Quem me conhece minimamente nos dias de hoje, sem qualquer tipo de crença no além, duvidará de ter eu andado quatro anos inteiros na catequese, de ter sido batizado com um mês de idade, de me ter confessado, comungado e crismado de livre e espontânea vontade, com toda a pompa e cerimónia usada nessas ocasiões. O meu processo de afastamento das práticas transcendentes exigidas pela religiosidade foi lento e espinhoso mas não vem agora aqui para o caso. Apercebi-me há muito tempo ser a eternidade uma ilusão bem-intencionada da vida para anular os efeitos devastadores da morte, não existe em termos absolutos e só sobrevive numa imortalidade relativa na memória guardada por cada um de nós dentro de si. As nossas boas ou más ações só são premiadas ou castigadas – quando o são – neste nosso mundo do aquém.

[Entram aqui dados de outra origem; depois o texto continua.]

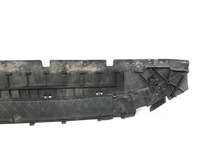 фото thumb №6, Audi q5 sq5 2020 защита pod бампер передний / абсорбер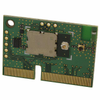 Development Boards, Kits, Programmers - Evaluation Boards - RF Evaluation and Development Kits, Boards - TMDXWL1271COM6M - Acme Chip Technology Co., Limited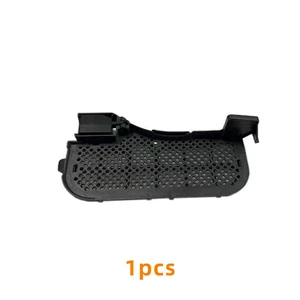 Compatible with Roborock S8 and S8+S8 Pro/Ultra G20 robot vacuum cleaner base station filter slot accessories Compatible with Roborock S8 and S8+S8 Pro/Ultra G20 robot vacuum cleaner base station filter slot accessories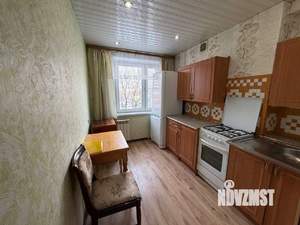 2-к квартира, вторичка, 44м2, 5/9 этаж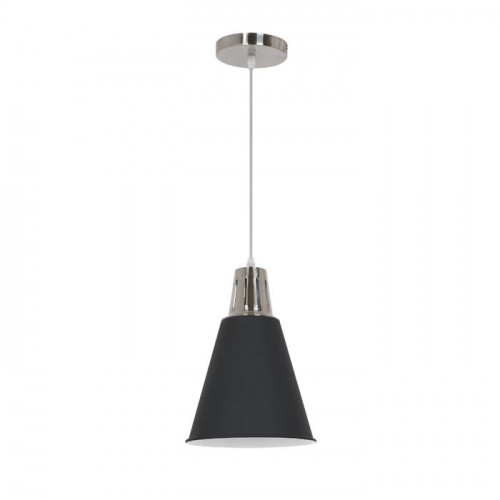 подвесной светильник odeon light tira 3319/1 в Армавире
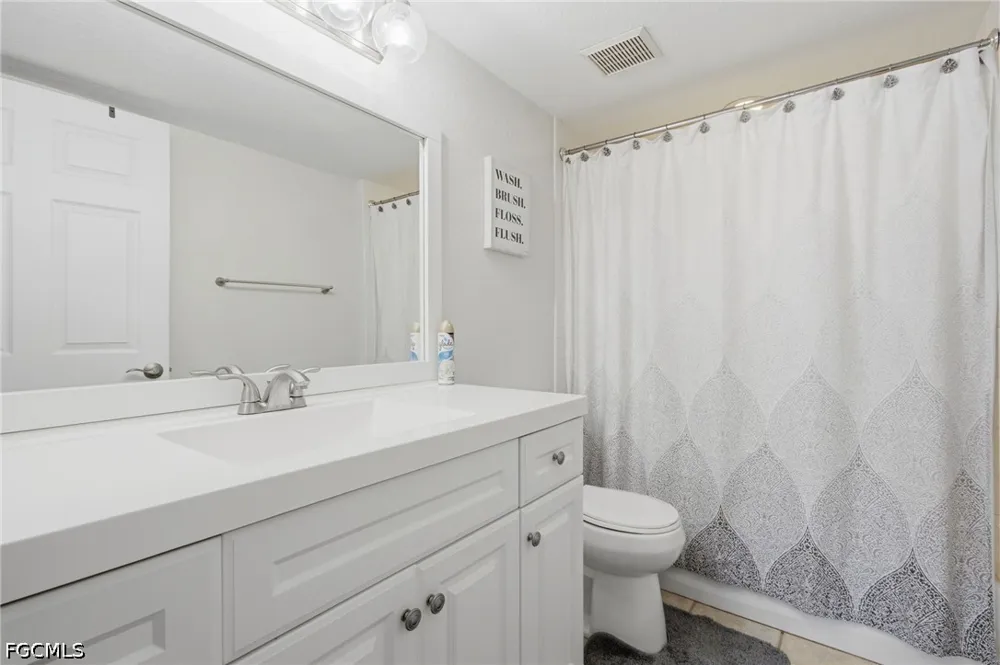Matheson Avenue #106 Bonita Springs, FL 34135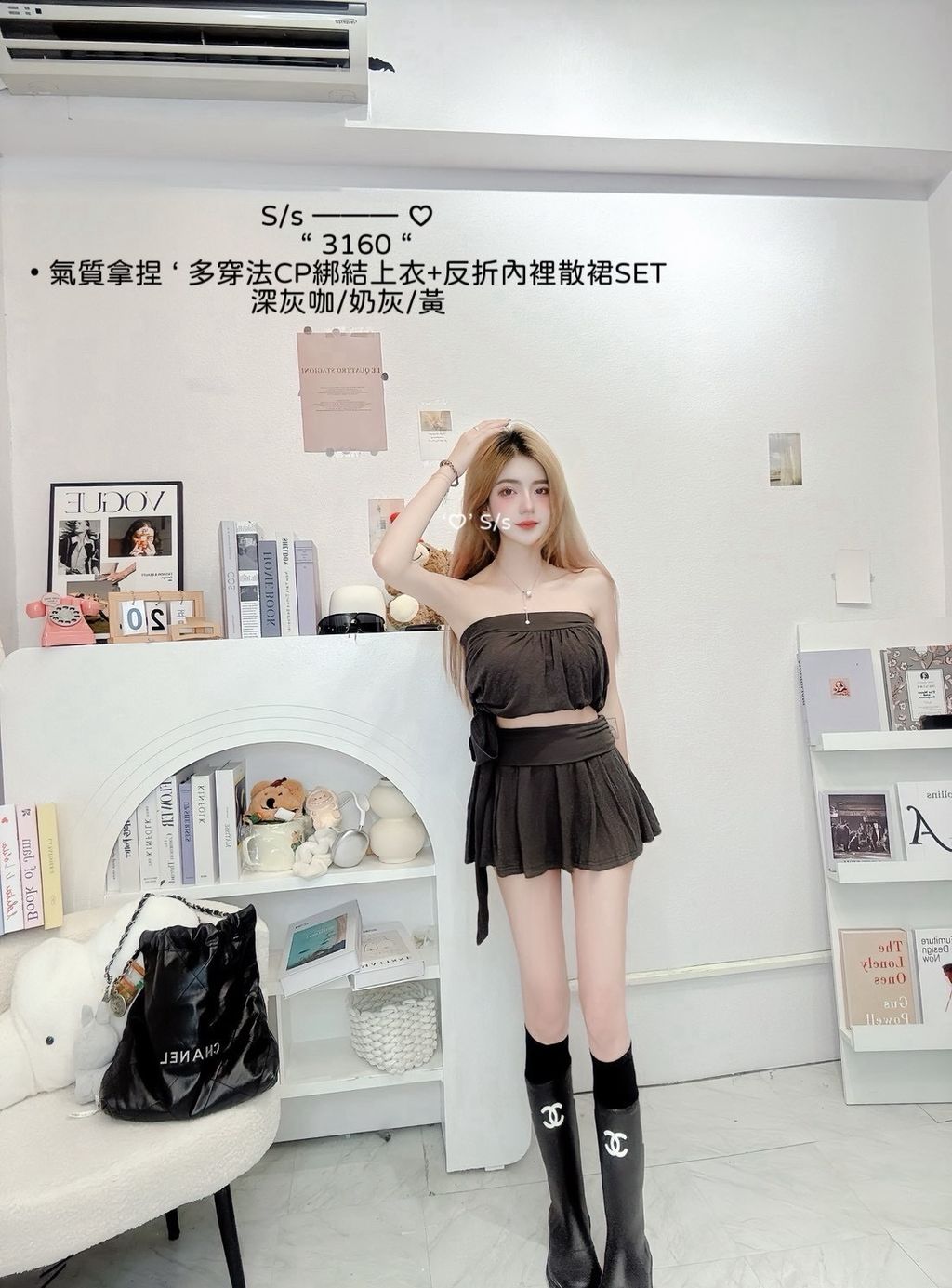 image_70AF49BD-3360-499E-AD98-F4031C7623B4_1785381090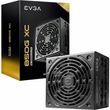 Блок живлення EVGA Supernova 850G XC 520-5G-0850-K1, 80 Plus Gold, PCIe 5.0, ATX 3.0 850W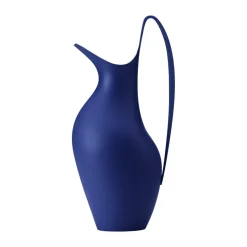 Koppel kan mini 20 cl, Roestvrij staal-iconic blue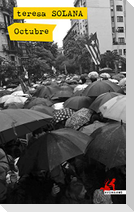 Octubre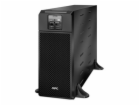 SRT6KXLI Smart-UPS SRT 6000VA Tower 230V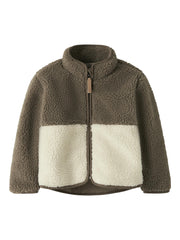 Lil Atelier LAJO LOOSE JACKET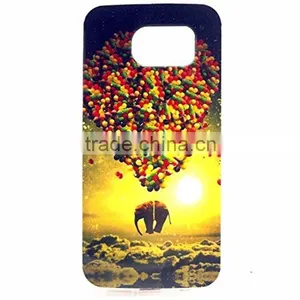 2016 Mirror Blank Phone Case Printer in China Manufacturer thumbnail-6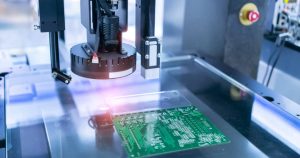 PCB專業(yè)打樣,PCB專業(yè)打樣供應商,PCB電路板供應商
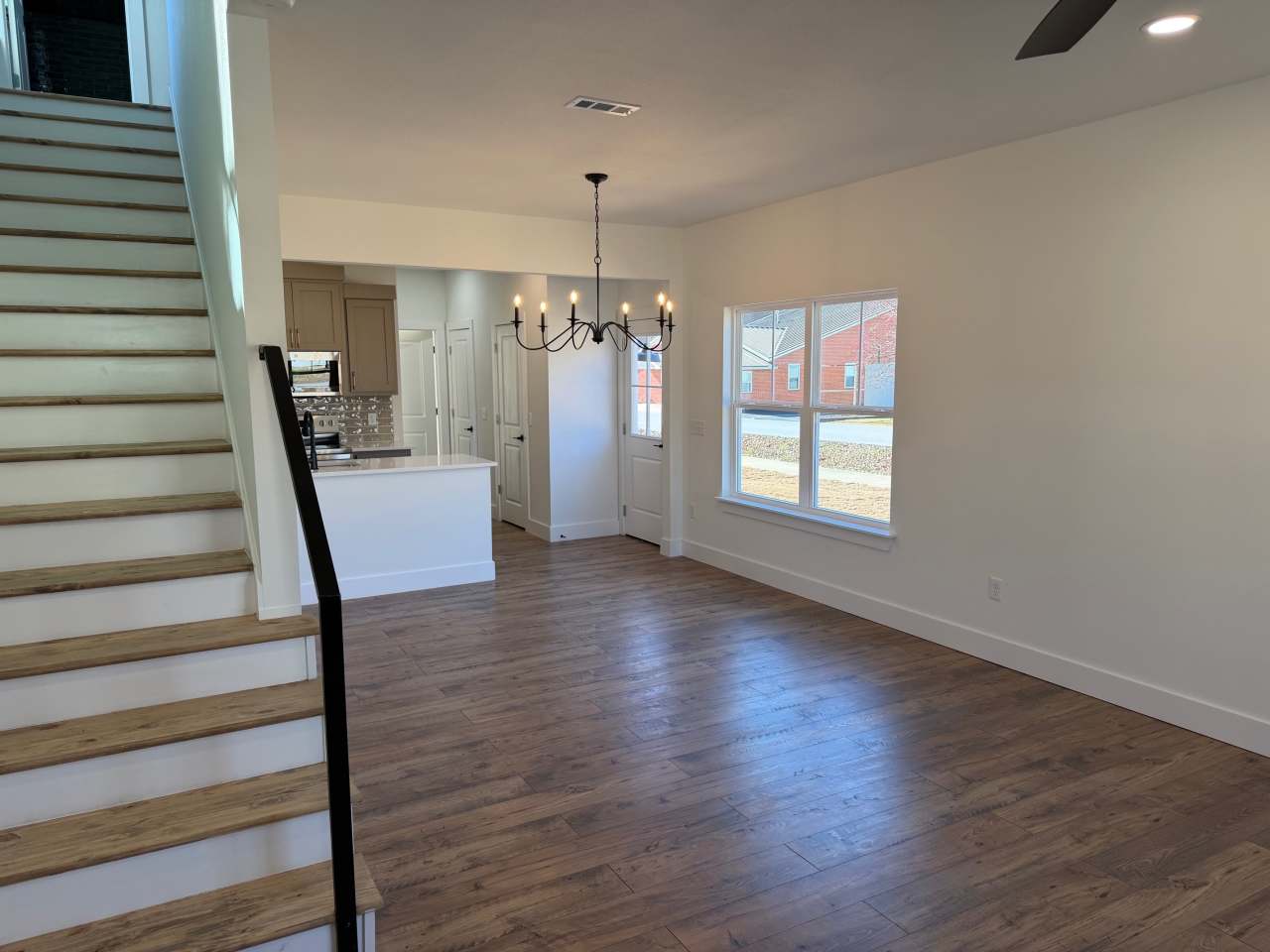 401 Birmingham Street Southeast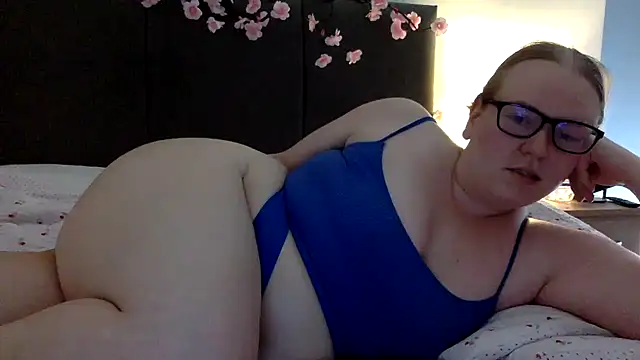 gracelovesxx online show from 07.18.26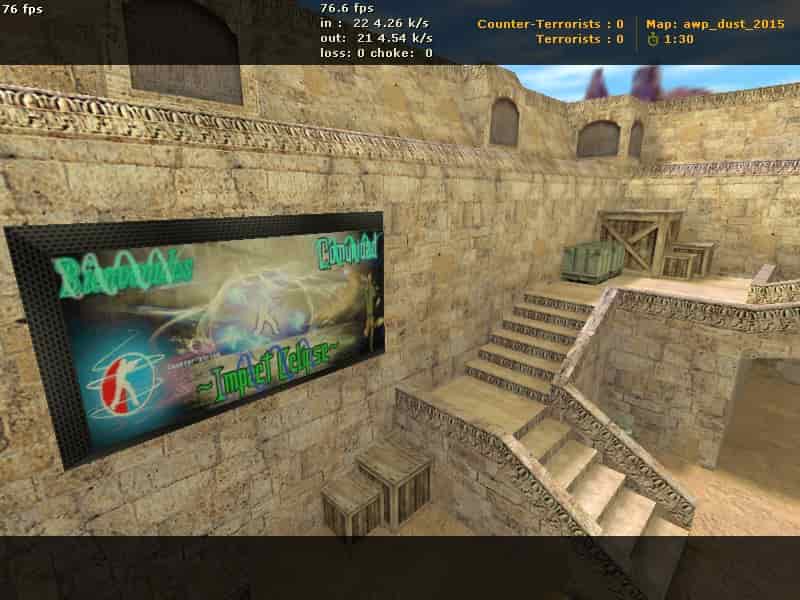 awp_dust_2015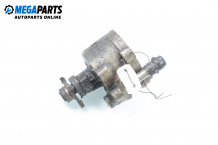 Power steering pump for Renault Megane Scenic 1.9 dCi RX4, 102 hp, minivan, 2001 Power steering pump for Renault Megane Scenic 1.9 dCi RX4, 102 hp, minivan, 2001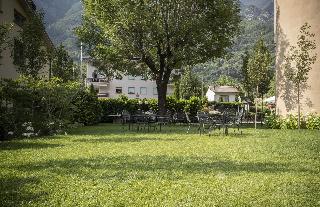 Hotel Piuro fotoÄŸrafÄ±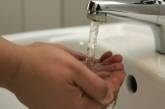 Воду из-под кранов в Николаеве невозможно очистить дома: ее нельзя пить даже после кипячения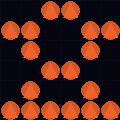 181.208.2.87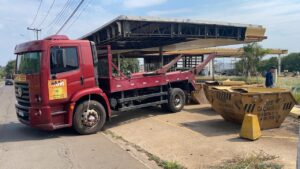 WhatsApp Image 2023-08-03 at 08.46.18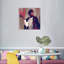 « Gambino » par El’cesart-impression-52361983-52361968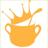 CSopraffina's profile image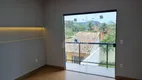 Foto 21 de Casa de Condomínio com 4 Quartos à venda, 210m² em Itaipu, Niterói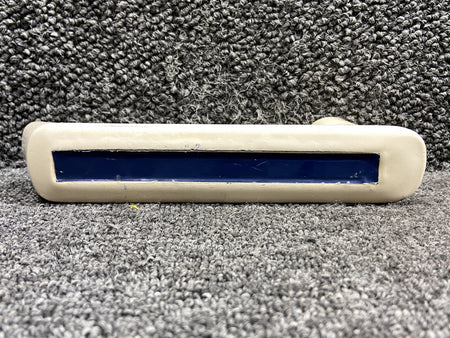 N2025P-249BS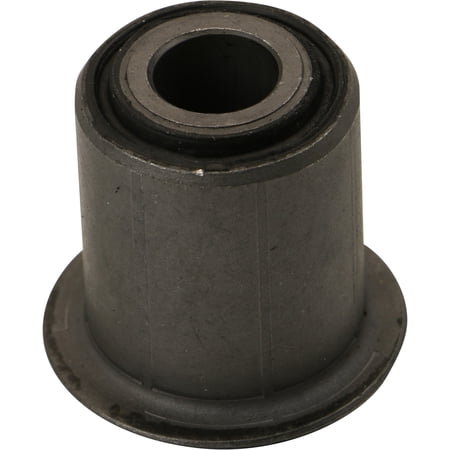 MOOG K201831 Leaf Spring Bushing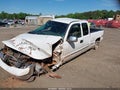 Photo 6 of 16 — 2002 GMC Sierra 1500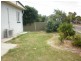 39 Selwyn Street, North Booval QLD 4304
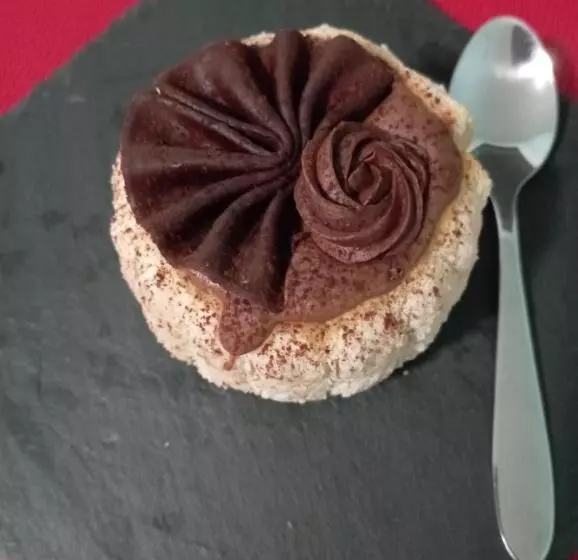 Hotelli Ibis Les Etangs Des Moines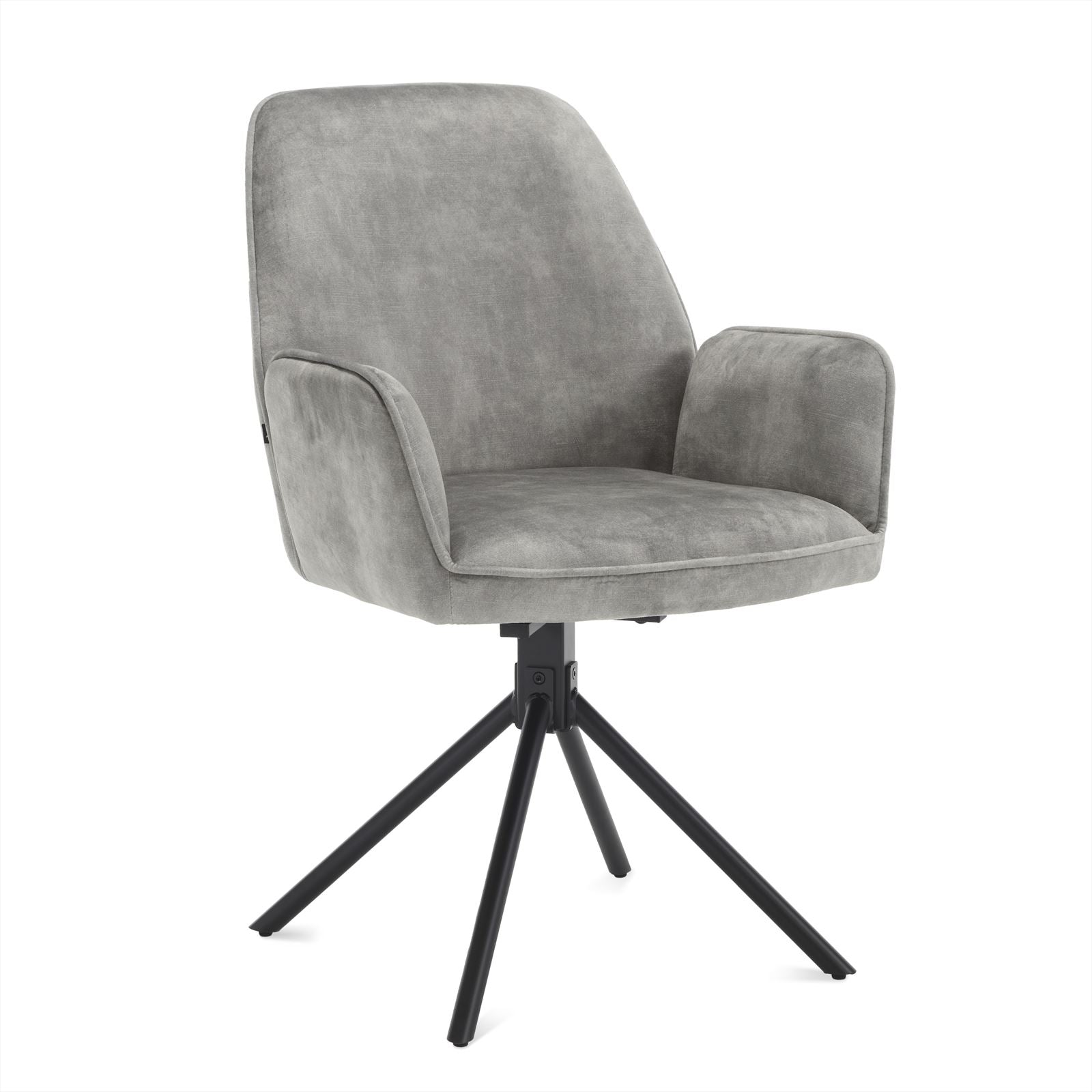 Dining Chair Noah Adore 19 Clay - Benoa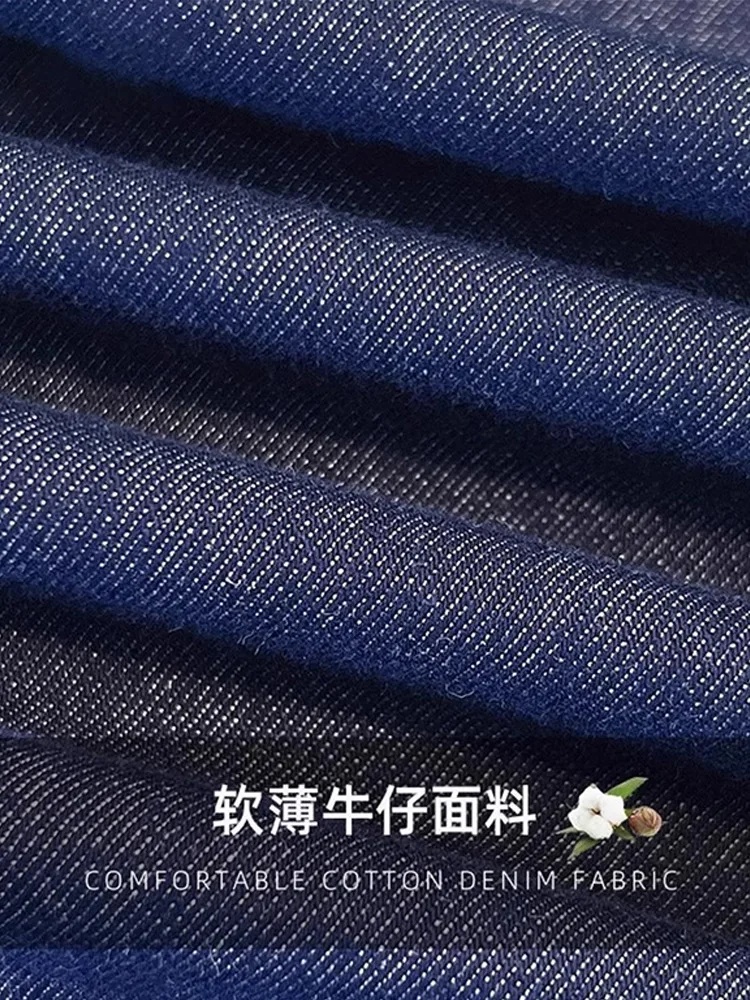 Pantalon en jean pour femme hiver minceur doublé polaire Petite pantalon droit à neuf points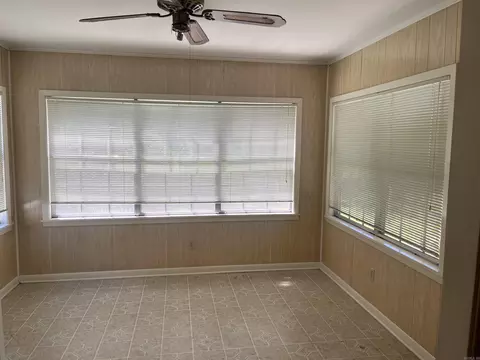Other - 2802 Edgewood Dr, Pine Bluff, AR 71603 photo 2 of 5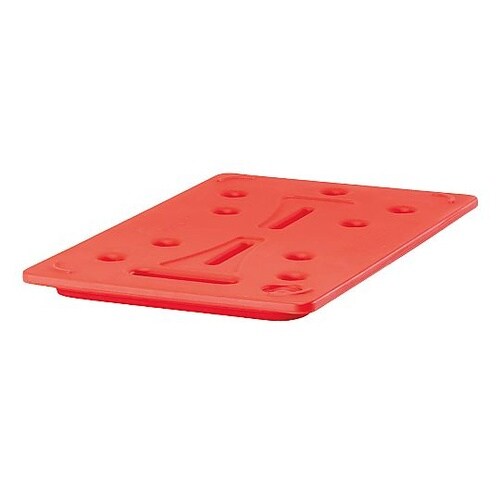 カムゴーボックス用 カムウォーマー HP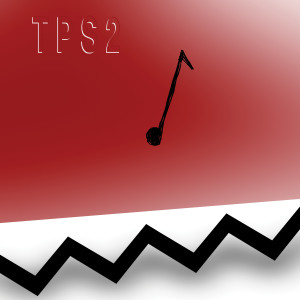 อัลบัม Twin Peaks: Season Two Music And More ศิลปิน David Lynch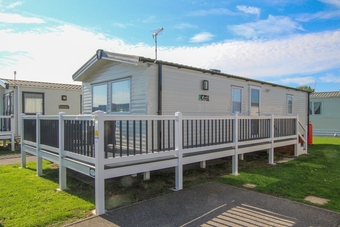 Willerby Midhurst 2024 for sale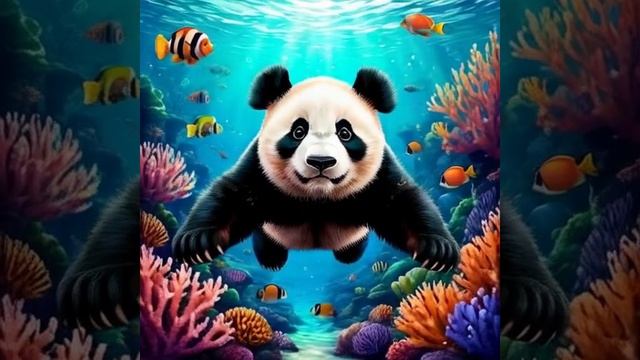 Счастье живет рядом с нами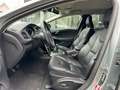 Volvo V40 1.6 T3 150pk Summum,Vol leder,Memory.Stoelverw,Nav Gris - thumbnail 7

A passagem há dias num canal de filmes da TV Cabo de algumas películas a preto e branco do Abbott & Costello fez-me vir à ideia esses tempos inocentes das lições de catecismo, que decorriam no arruinado Hotel da Copa, no antigo Casino do Parque, num prédio devoluto do topo norte da praça da fruta e no coro alto da igreja do Pópulo. Os encontros de doutrinandos realizavam-se nos sábados à tarde e a associação com a dupla cómica estado-unidense advém das matinés que se realizavam no desaparecido Cinema Ibéria, a premiar os aprendizes das coisas divinas que soubessem as preces de cor. Ainda as sei todas na ponta da língua. Só a Salve-Rainha me deu um pouco mais de trabalho, com tanto palavreado junto de sentido obscuro, problema agora resolvido, pois há muito me deixei de rezas a um deus desconhecido e respetiva corte celestial.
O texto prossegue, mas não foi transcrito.